Laws and Regulations Relating to Intellectual Property
Pursuant to the Trademark Law of the PRC promulgated on August 23, 1982, amended on April 23, 2019 and effective November 1, 2019 and the Regulation on Implementation of the Trademark Law of the PRC promulgated on August 3, 2002, amended on April 29, 2014 and effective May 1, 2014, the right to the exclusive use of a registered trademark is limited to the approved trademark registration, and to goods for which the use of the trademark has been approved. The period of validity of registered trademarks lasts for ten years from the day of registration approval. Absent the authorization by the owner of the registered trademark, the use of the registered trademark or a similar trademark on the same category of goods or similar goods constitutes an infringement of the right to exclusive use of the registered trademark.

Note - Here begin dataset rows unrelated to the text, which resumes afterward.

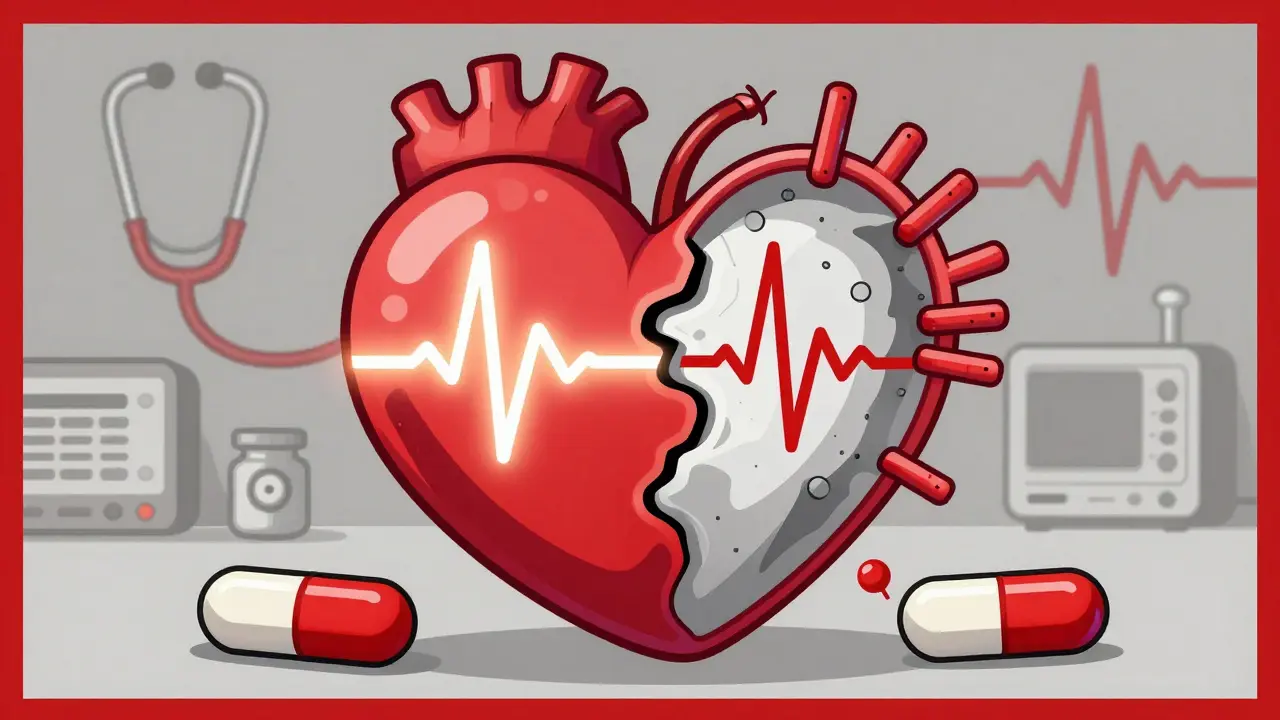 Split heart showing healthy rhythm on one side and dangerous QT prolongation on the other, surrounded by pills.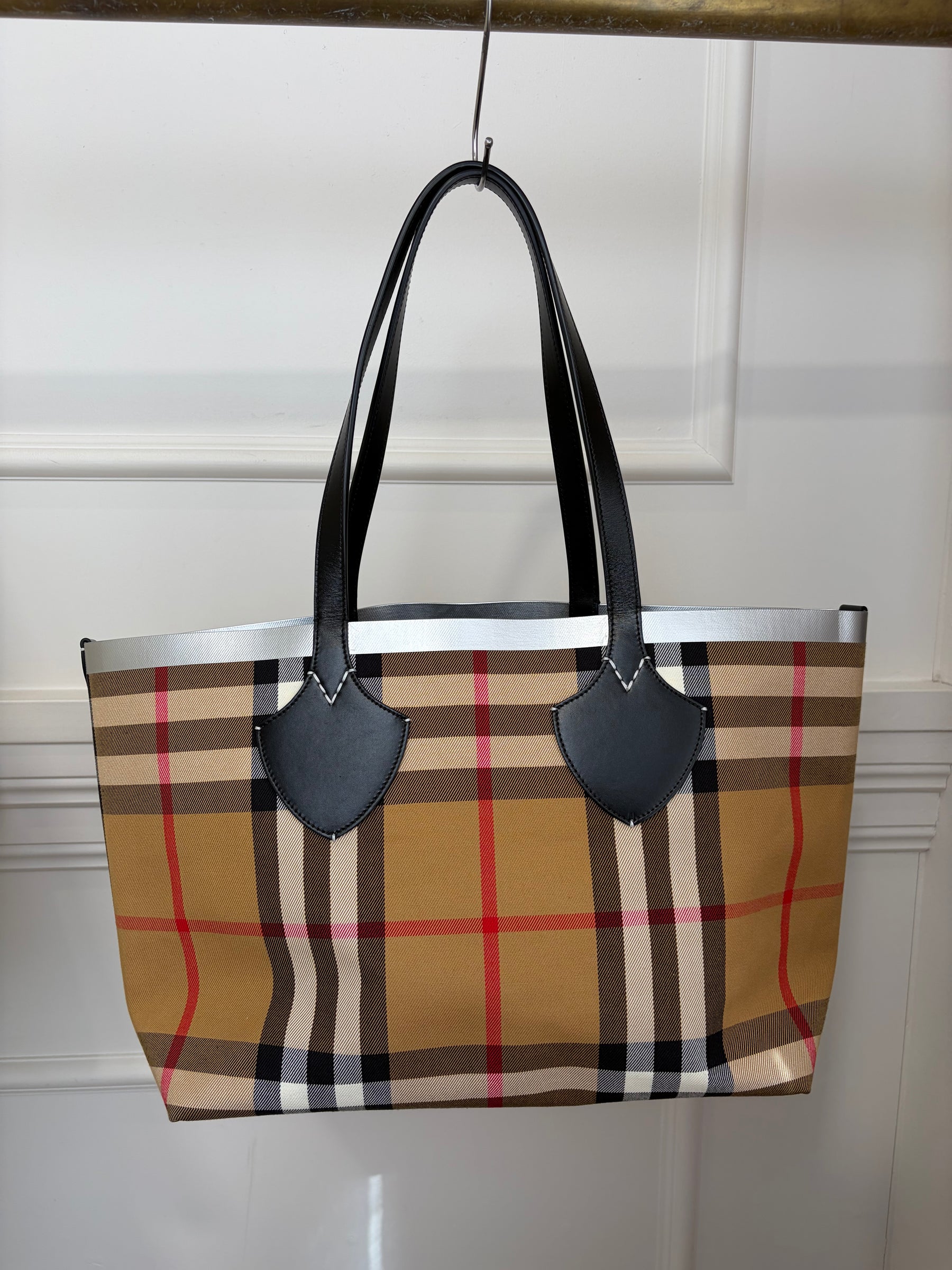 Burberry Beige Canvas Giant Check Tote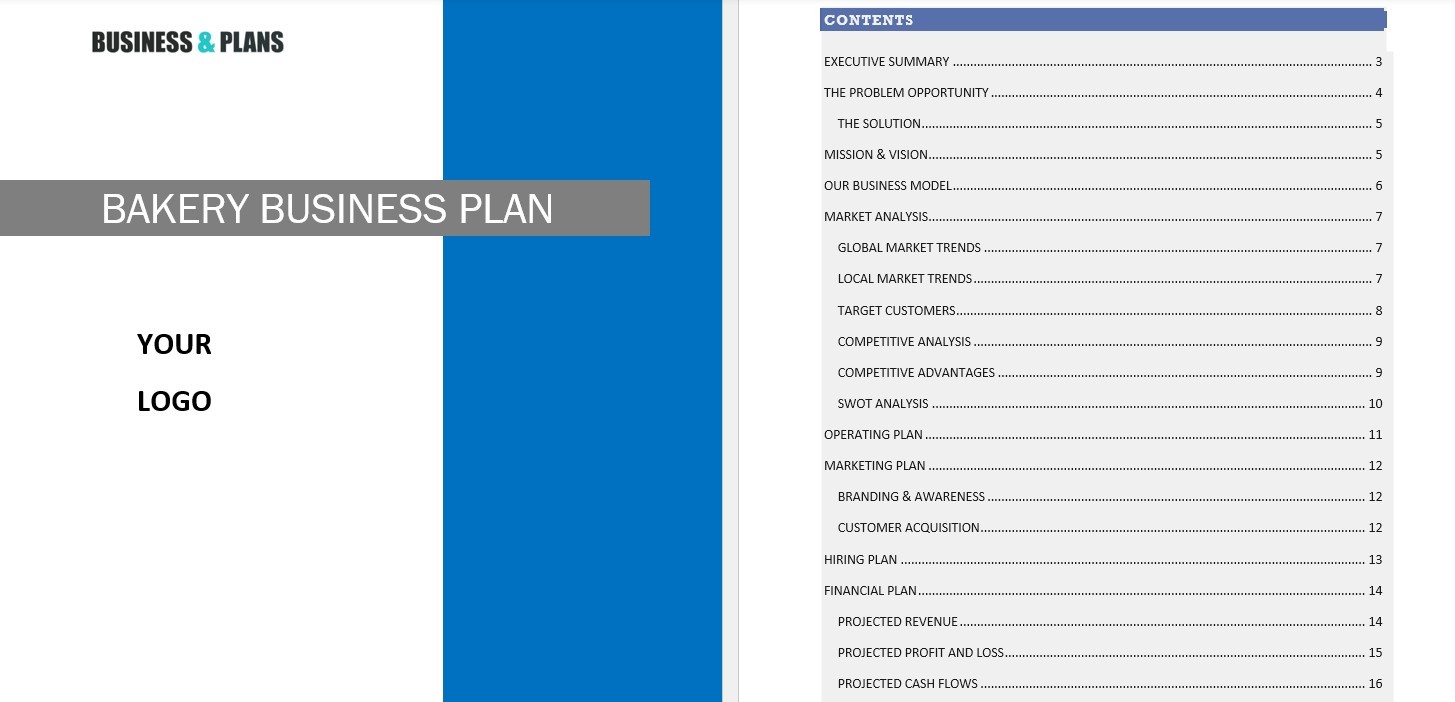Bakery business plan template in Word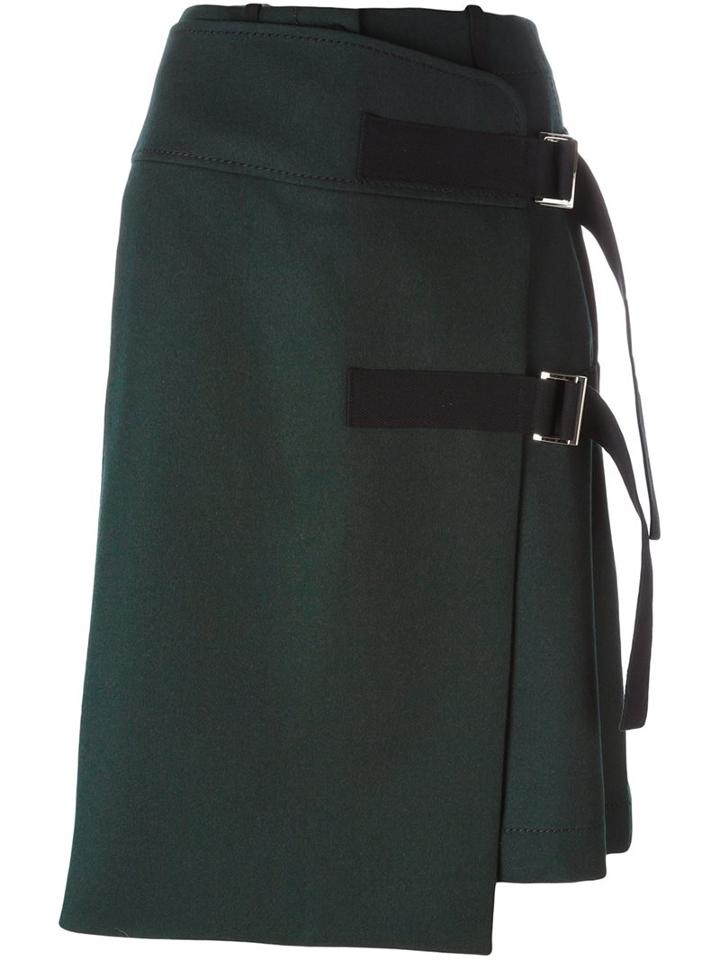 Sacai Buckle Apron Skirt, Women's, Size: 3, Green, Wool/cupro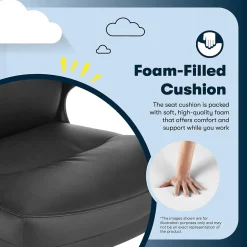 Comfort Ergonomic Bonded Leather Swivel Executive Chair, Black (CHR10130A) Office Chairs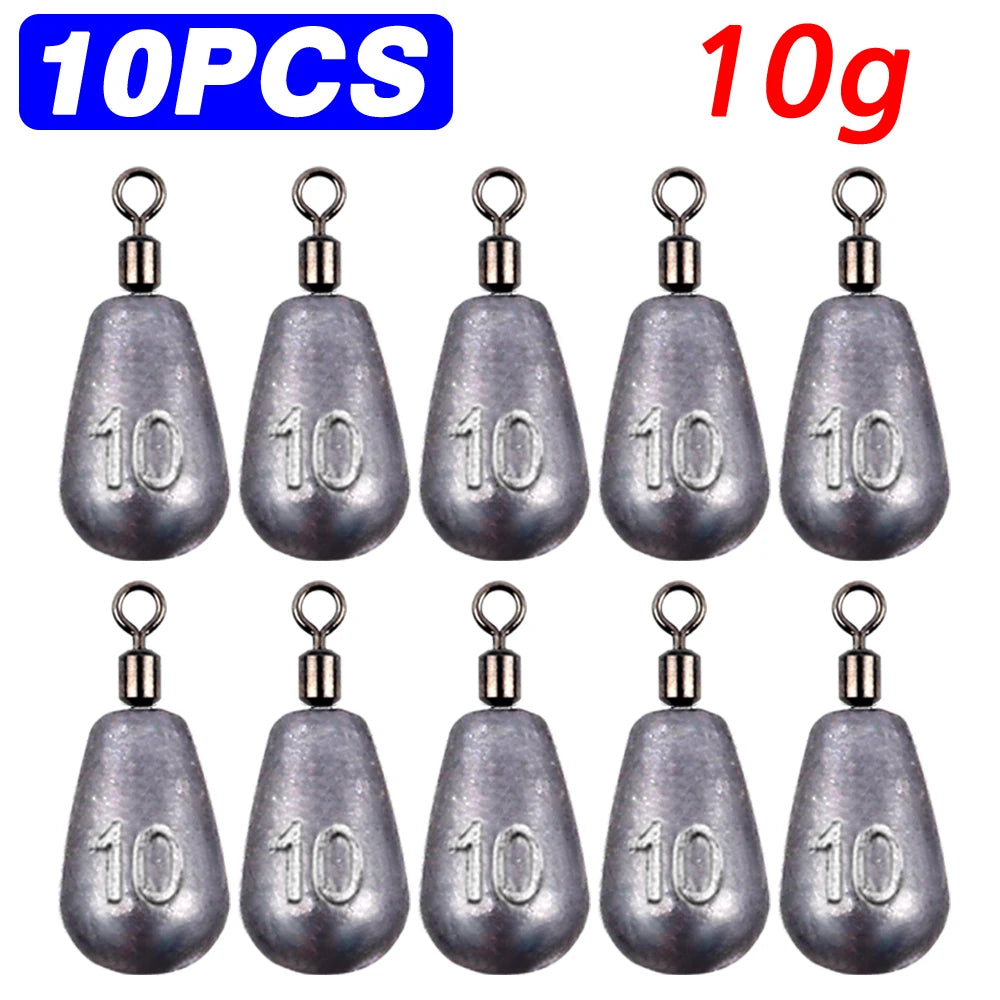 Fishing Weight 10PCS 3.5g 5g 7g 10g 14g 20g Tube Bullet Quick Rod Jig Head Casting Metal Tackle Kit Pesca Tool Plumb Pendant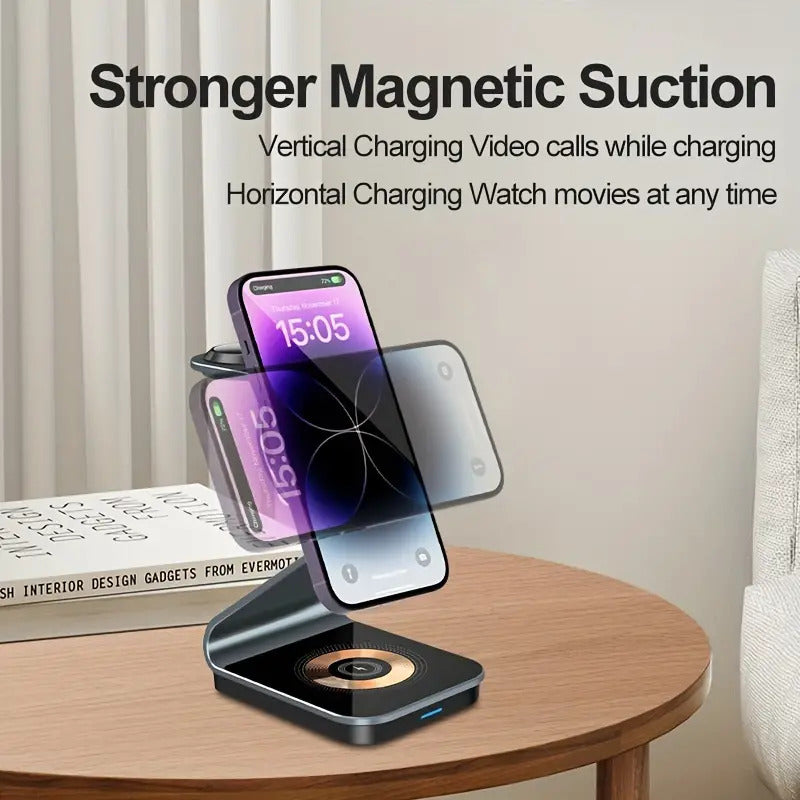 Wireless 3 in 1 magnetic support for iPhone, Apple Watch and AirPods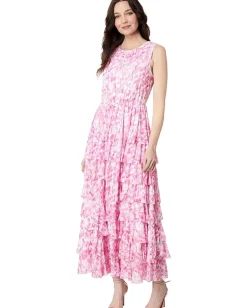 Vince Camuto Mesh Ruffled Maxi Dress Hot Pink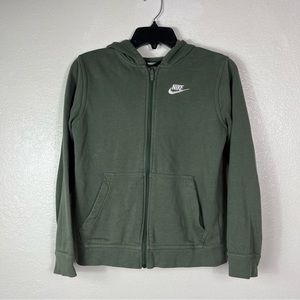 Nike Sportswear Club French Terry Full Zip Sweatshirt in green kids size large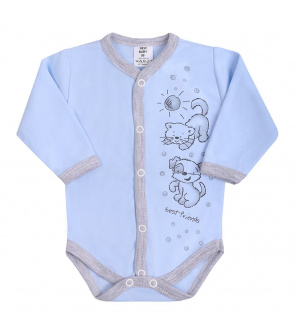 Kojenecké body celorozepínací New Baby Kamarádi modré Kojenecké body celorozepínací New Baby Kamarádi modré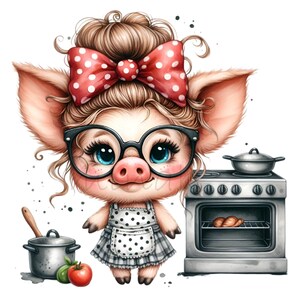 15 Cerdo cocinando PNG con gafas y lazo de lunares PNG Clipart, Descarga digital, Lindo arte de cocina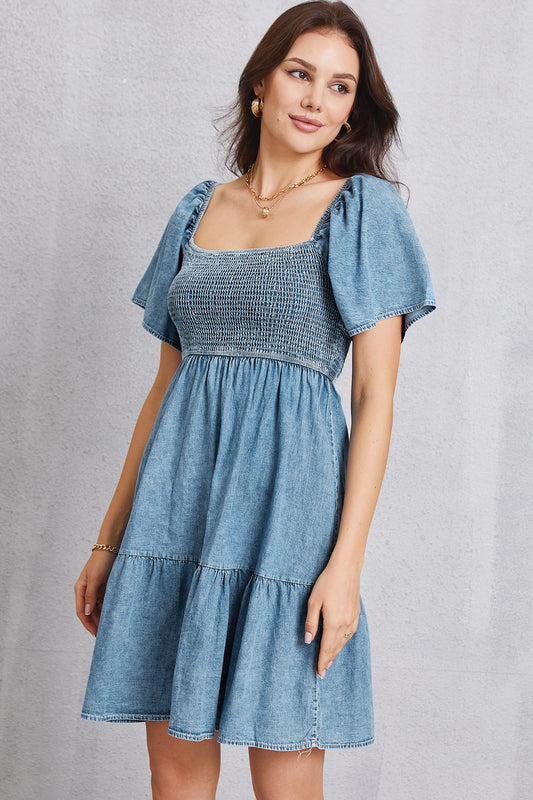 The Smocked Square Neck Mini Denim Dress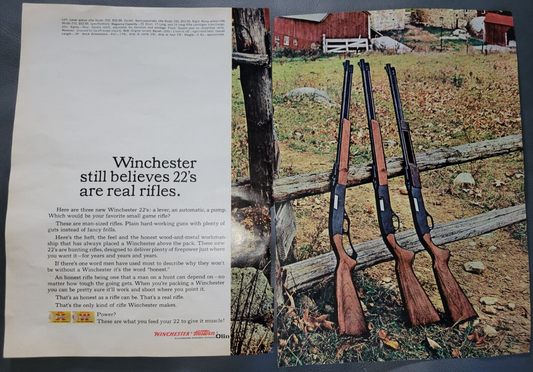 Vintage Winchester "22" Rifle 2 Page Print Ad 1961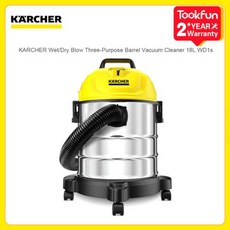 진공 청소기 Karcher Wd1s 배럴 습식 건식 블로잉 3 인 1 21500Pa 홈 카펫 1800W IPX4 5 층 여과 76dB 18L, 1) WD1s Classic - EU
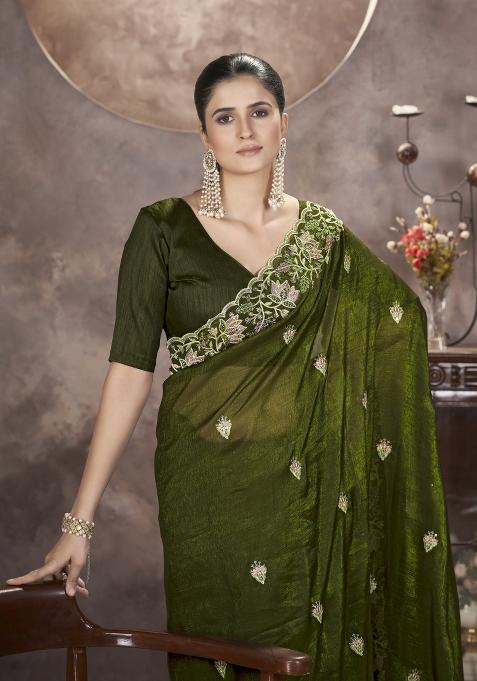 Green Solid Silk Saree Set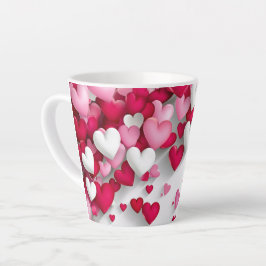 Taza De Café Latte Corazones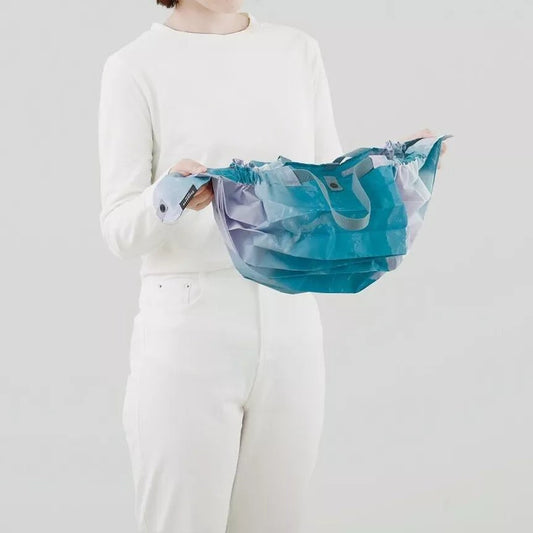 Shupatto Compact Foldable Shopping Bag, Crystal Shores, Size M / 15L Recycled Fabric Eco - Friendly - Travellite Hub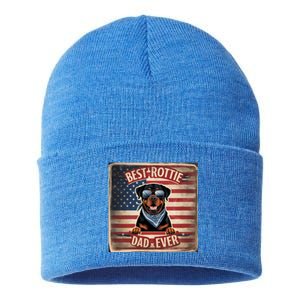 Best Rottie Dad Ever Rottweiler American Flag For Dad Gift Sustainable Knit Beanie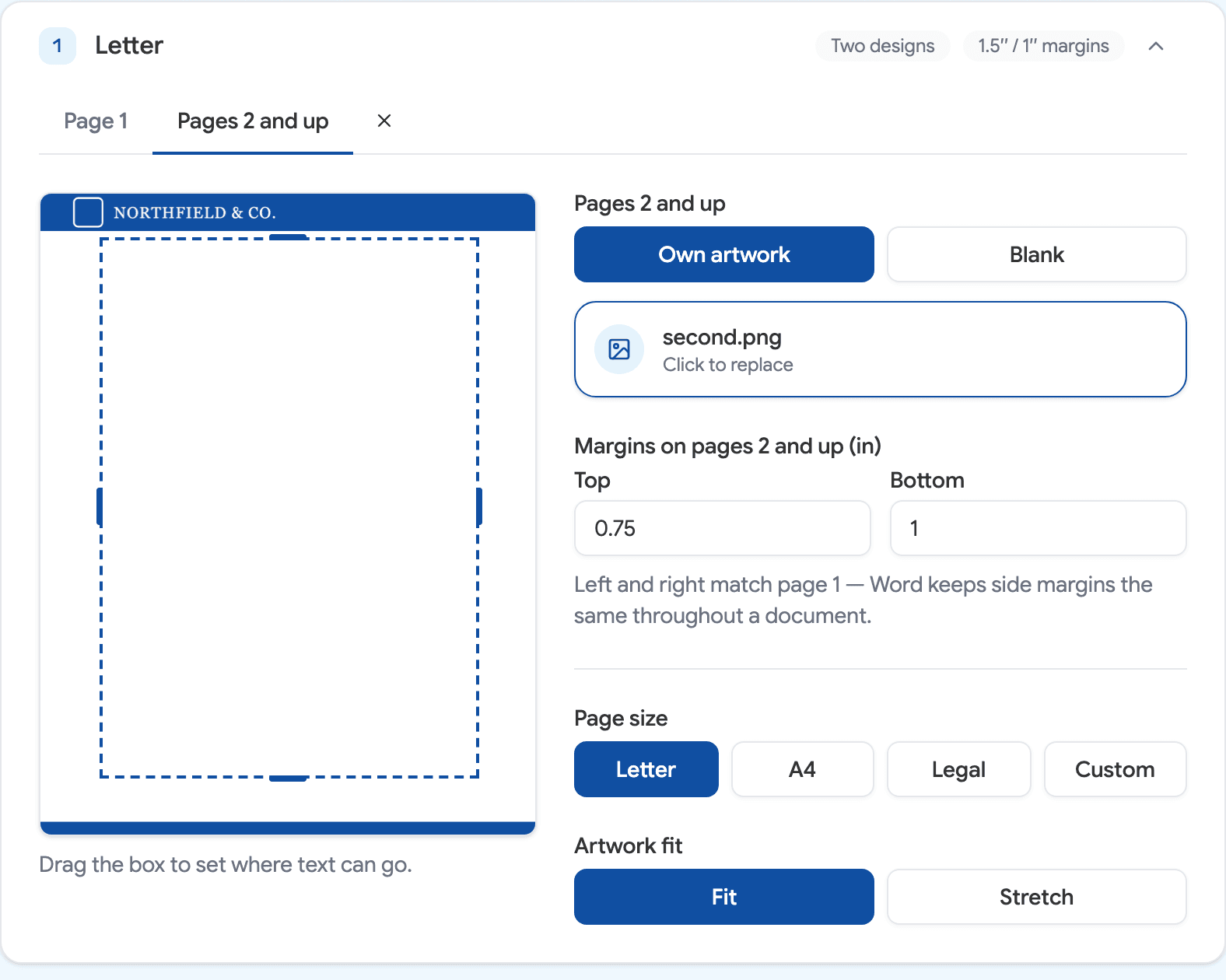 The pages 2 and up tab, showing a lighter second design and its own margins, separate from page 1’s.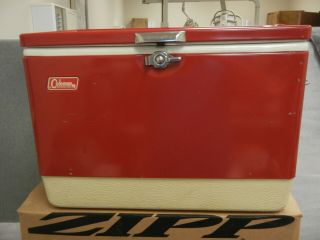 1960’s Vintage Red/white Coleman Metal Ice Chest Cooler - Great Shape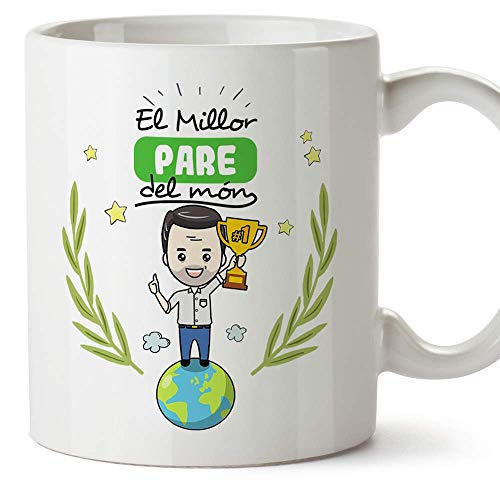 MUGFFINS Taza Padre (En Catalán)"El Millor Pare del Món" Taza Desayuno/Idea Regalo Día del Padre. Cerámica 350 mL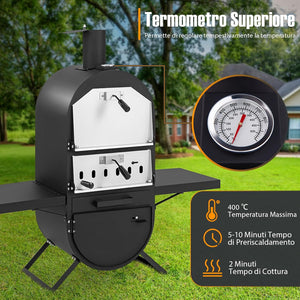 Forno per Pizza da Esterno, Forno a Legna per Pizza con Pietra per pizza, Pala per Pizza, Copertura in Tessuto Oxford Impermeabile, per Picnic, Festa e Campeggio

The infringer shall, in accordance with the relevant regulations, cease the infringement activities, take correction actions, and compensate for losses.
Pursuant to the Patent Law of the PRC promulgated on March 12, 1984, last amended on December 27, 2008 and effective October 1, 2009, and the Rules for the Implementation of the Patent Law of the PRC amended on January 9, 2010 and effective February 1, 2010, after the grant of the patent right for inventions and utility models, except otherwise regulated under the Patent Law, no entity or individual may, without the authorization of the patent owner, exploit such patent, that is to manufacture, use, offer to sell, sell or import the patented product, or use the patented process, and use, offer to sell, sell or import products directly obtained from such patented process, for production or business purposes. After the patent right is granted for a design, no unit or individual shall, without the authorization of the patent owner, exploit such patent, that is to manufacture, offer to sell, sell, or import any product containing such patented design for production or business purposes. Where infringement has been established, the infringer shall, in accordance with the relevant regulations, be ordered to cease the infringement activities, take corrective actions, and compensate for losses.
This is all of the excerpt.